Zhengzhou is a city in eastern-central China with approximately 7 to 8 million people. The large variance is due to the population growth. The city is growing so fast they aren’t exactly sure how many people live in the city because the time it would take to do a census; the numbers would not be accurate. This is a trend happening all over China right now. I would compare to 1890s-1900s when the industrial revolution in America encouraged people to give up farming and flee to the cities for a steady factory job. In Zhengzhou and throughout the country, almost everyone in the cities live in high-rise apartments. This is primarily because Chinese citizens cannot own land. Only the government and real estate developers can own the ground. This is the sole explanation of extreme population density of Chinese
cities. Imagine if 7 million people lived in Columbus, Ohio, people would be tripping over one another. Last week I was eating dinner at a McDonalds over looking a busy intersection at rush hour and I am certain there were more people at the intersection at that moment than live in my hometown of Cross Lanes, WV (around 10,000). You can see how this environment breeds certain behavior traits. The concept of personal space is non-existent, one trip on public transportation will fortify this, and things we consider common courtesy like holding a door for someone or letting women go first does not happen here. Having so many people in a small area can turn everyday things into a competition for resources. Worse than this is, the absence of selflessness. You would hard pressed to find any acts of “Good Samaritan.” Last semester a few of my coworkers witnessed a man on a scooter get hit by a car and no one stopped to help him. My colleagues drug the man out of the street and called 119 (911). It’s not to say they are bad people at all but certain things just are not ingrained into their brains. In my opinion I blame this ideology on the lack of a moral compass. Religion is not overly common in China and the virtues of Confucius seem to go in one ear and out the other. Money seems to be the biggest religion.

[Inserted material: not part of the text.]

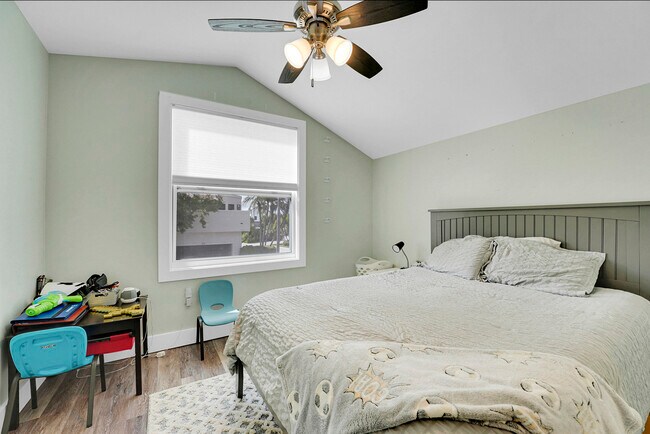 Building Photo - 600 Xanadu Pl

I know you may find what I just said hard to believe. Aren’t Americans supposed to be the most egocentric? The most concerned with status? The single biggest surprise to me was how materialistic Chinese people are. It seems so many things here revolve around money and so not like the traditional lifestyle we picture the Chinese having. From the way people act I honestly believe the majority of people think money can buy happiness. My theory for this is 1) the population; money makes one stick out of the crowd and 2) for the first time in history Chinese people are gaining disposable income. I suppose its human nature when you have satisfied basic needs like food and shelter you can shift your attention to wants like clothes and iphones. Don’t let these things I have noticed create any stereotypes or paint a negative picture of all Chinese people because that would be far from the truth and even farther from how I regard them. These are just things I noticed; cultural differences and a different way of life.

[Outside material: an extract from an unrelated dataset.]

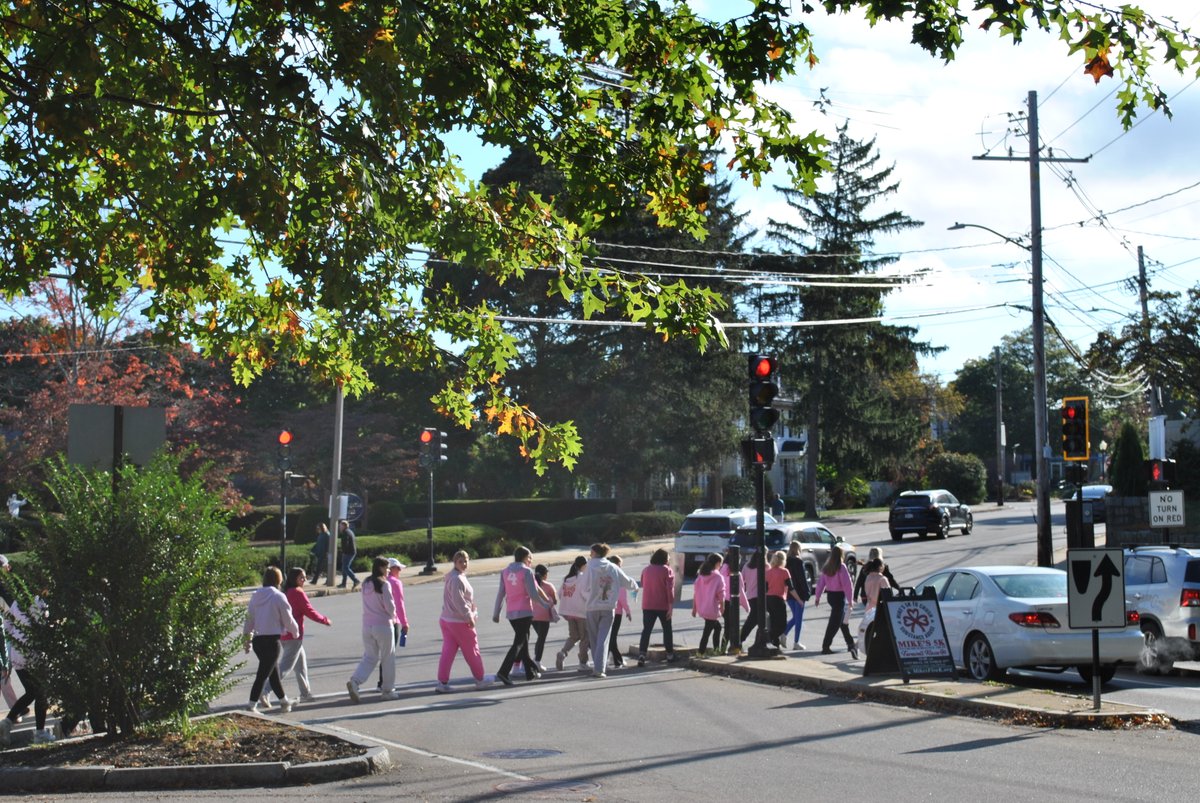 On Sunday morning, the community joined together in the Walk for the Ellie Fund. Participants walked 5-miles through the Town of Milton to raise money for the non-profit. Thank you to all who walked and donated.

Photos taken by Adrianna Parasirakis '28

Even though I did not choose it, I am glad I ended up in Zhengzhou. Its nice to feel…..I’ll use the word “accepted” by the locals I encounter on a regular basis. The street vendors, bar owners, gym employees, McDonalds staff, etc, treat me like every other person. Don’t get me wrong we still get strange stares and special treatment on occasion but for the most part, in our neighborhood we are the same. I like this feeling. After traveling to many tourists destinations and many people just look at white skin and see dollar signs. I also think this feeling would be harder to come by in Shanghai or Beijing where foreigners are everywhere and less adaptation is needed. I feel like Zhengzhou is home away from home.
I have not had as many days off to travel this semester but I plan on visiting Beijing after school ends. My flight home leaves from Shanghai so I’ll be making my fifth trip there this year, and as of now I have a long layover in Tokyo so my traveling for this year is not over yet.